Sexual Activity Without Condoms and Risk of HIV Transmission in Serodifferent Couples When the HIV-Positive Partner Is Using Suppressive Antiretroviral Therapy
JAMA July 12, 2016 V.316 N.2 P.171-181
Alison J. Rodger, MD; Valentina Cambiano, PhD; Tina Bruun, RN; Pietro Vernazza, MD; Simon Collins; Jan van Lunzen, PhD; Giulio Maria Corbelli; Vicente Estrada, MD; Anna Maria Geretti, MD; Apostolos Beloukas, PhD; David Asboe, FRCP; Pompeyo Viciana, MD; Félix Gutiérrez, MD; Bonaventura Clotet, PhD; Christian Pradier, MD; Jan Gerstoft, MD; Rainer Weber, MD; Katarina Westling, MD; Gilles Wandeler, MD; Jan M. Prins, PhD; Armin Rieger, MD; Marcel Stoeckle, MD; Tim Kümmerle, PhD; Teresa Bini, MD; Adriana Ammassari, MD; Richard Gilson, MD; Ivanka Krznaric, PhD; Matti Ristola, PhD; Robert Zangerle, MD; Pia Handberg, RN; Antonio Antela, PhD; Sris Allan, FRCP; Andrew N. Phillips, PhD; Jens Lundgren, MD; for the PARTNER Study Group
1Research Department of Infection and Population Health, University College London, London, United Kingdom
2Department of Infectious Diseases/CHIP, Rigshospitalet, University of Copenhagen, Copenhagen, Denmark
3Division of Infectious Diseases and Hospital Epidemiology, Cantonal Hospital, St Gallen, Switzerland
4HIV i-Base, London, United Kingdom
5University Medical Center Hamburg-Eppendorf, Hamburg-Eppendorf, Germany
6European AIDS Treatment Group, Bruxelles, Belgium
7Hospital Clinico San Carlos and Universidad Complutense, Madrid, Spain
8Institute of Infection and Global Health, University of Liverpool, Liverpool, United Kingdom
9Chelsea and Westminster NHS Foundation Trust, London, United Kingdom
10Hospital Virgen del Rocío, Sevilla, Spain
11Hospital General de Elche & Universidad Miguel Hernández, Alicante, Spain
12IrsiCaixa Foundation, UAB, UVIC-UCC, Hospital Universitari “Germans Trias i Pujol,” Badalona, Catalonia, Spain
13Department of Public Health, Nice University Hospital and EA 6312, University Nice Sophia-Antipolis, France
14Rigshospitalet, Copenhagen, Denmark
15Division of Infectious Diseases and Hospital Epidemiology, University Hospital Zurich, University of Zurich, Zurich, Switzerland
16Unit of Infectious Diseases and Dermatology, Department of Medicine, Karolinska Institutet, and Department of Infectious Diseases, Karolinska University Hospital, Stockholm, Sweden
17Department of Infectious Diseases, Bern University Hospital, University of Bern, Bern, Switzerland
18Academic Medical Center, Amsterdam, the Netherlands
19Medical University of Vienna, Vienna, Austria
20Division of Infectious Diseases and Hospital Epidemiology, University Hospital Basel, Basel, Switzerland
21Department of Internal Medicine 1, University Hospital of Cologne, Cologne, Germany
22Ospedal San Paolo, Milan, Italy
23Ospedale L. Spallanzani, Roma, Italy
24Praxis Driesener Straße, Berlin, Germany
25Helsinki University Central Hospital, Helsinki, Finland
26Medical University Innsbruck, Innsbruck, Austria
27Hvidovre Universitets Hospital, Hvidovre, Denamrk
28Hospital Clínico Universitario de Santiago de Compostela, Santiago de Compostela, Spain
29Coventry and Warwickshire Hospital, Coventry, United Kingdom
A key factor in assessing the effectiveness and cost-effectiveness of antiretroviral therapy (ART) as a prevention strategy is the absolute risk of HIV transmission through condomless sex with suppressed HIV-1 RNA viral load for both anal and vaginal sex.
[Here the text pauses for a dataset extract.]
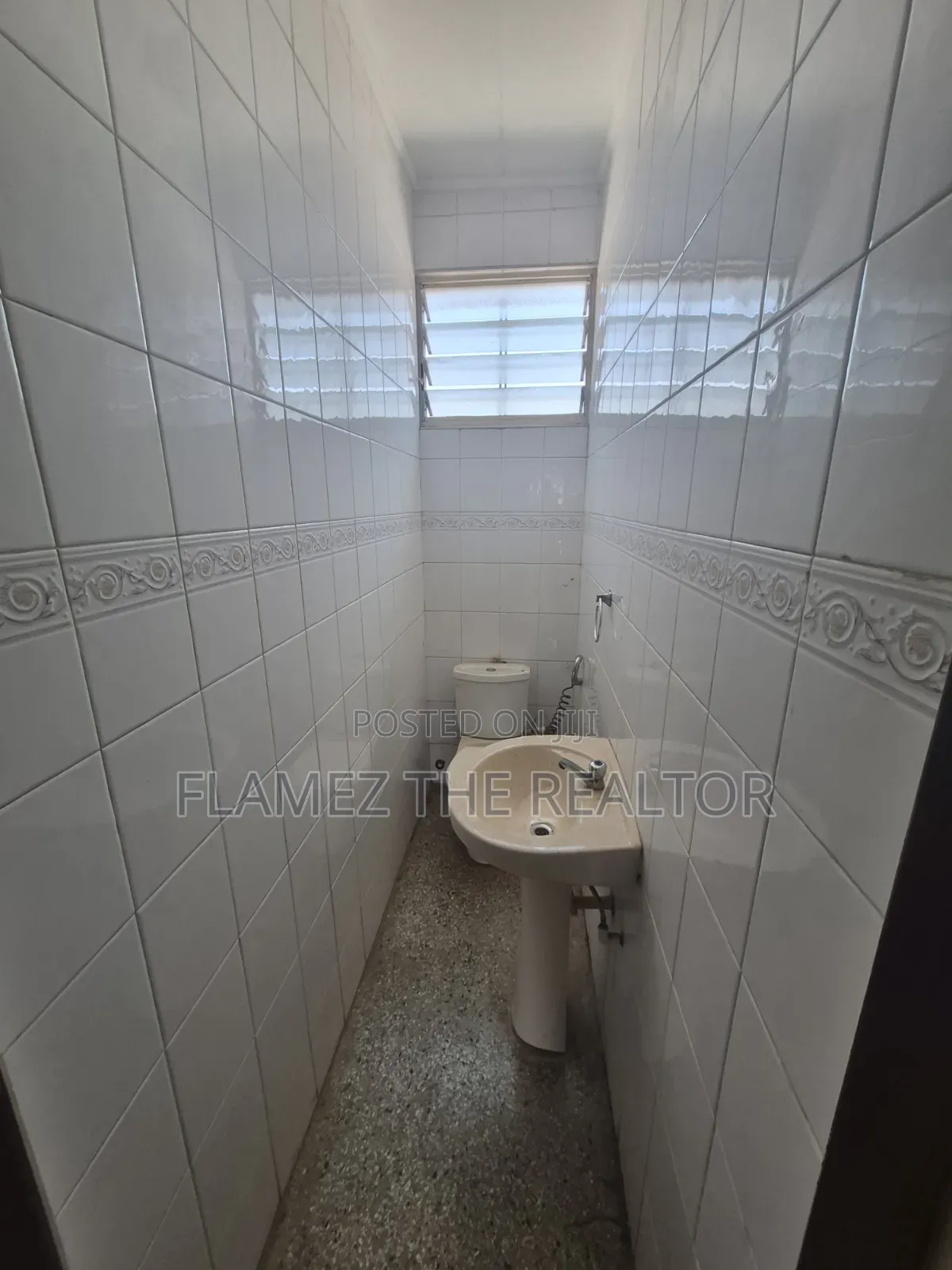 4bdrm House in Petroleum, Mile 7 for rent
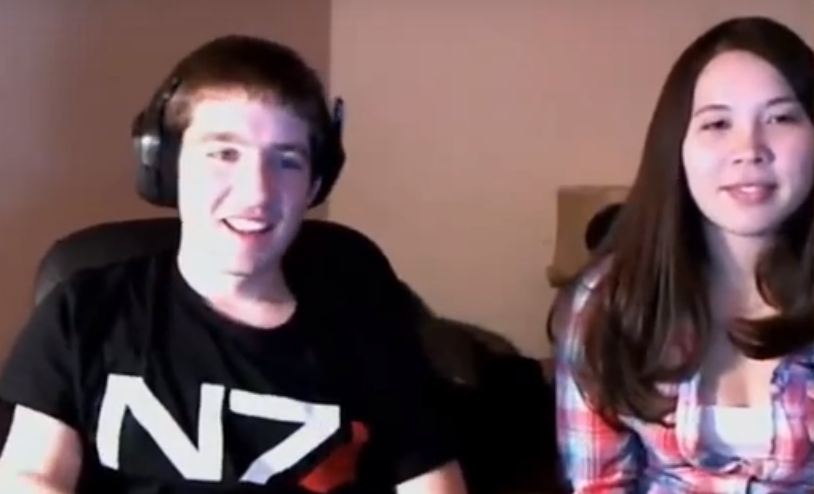 Kootra and his wife Monica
To evaluate the rate of within-couple HIV transmission (heterosexual and men who have sex with men [MSM]) during periods of sex without condoms and when the HIV-positive partner had HIV-1 RNA load less than 200 copies/mL.
Design, Setting, and Participants
The prospective, observational PARTNER (Partners of People on ART—A New Evaluation of the Risks) study was conducted at 75 clinical sites in 14 European countries and enrolled 1166 HIV serodifferent couples (HIV-positive partner taking suppressive ART) who reported condomless sex (September 2010 to May 2014). Eligibility criteria for inclusion of couple-years of follow-up were condomless sex and HIV-1 RNA load less than 200 copies/mL. Anonymized phylogenetic analysis compared couples’ HIV-1 polymerase and envelope sequences if an HIV-negative partner became infected to determine phylogenetically linked transmissions.
Condomless sexual activity with an HIV-positive partner taking virally suppressive ART.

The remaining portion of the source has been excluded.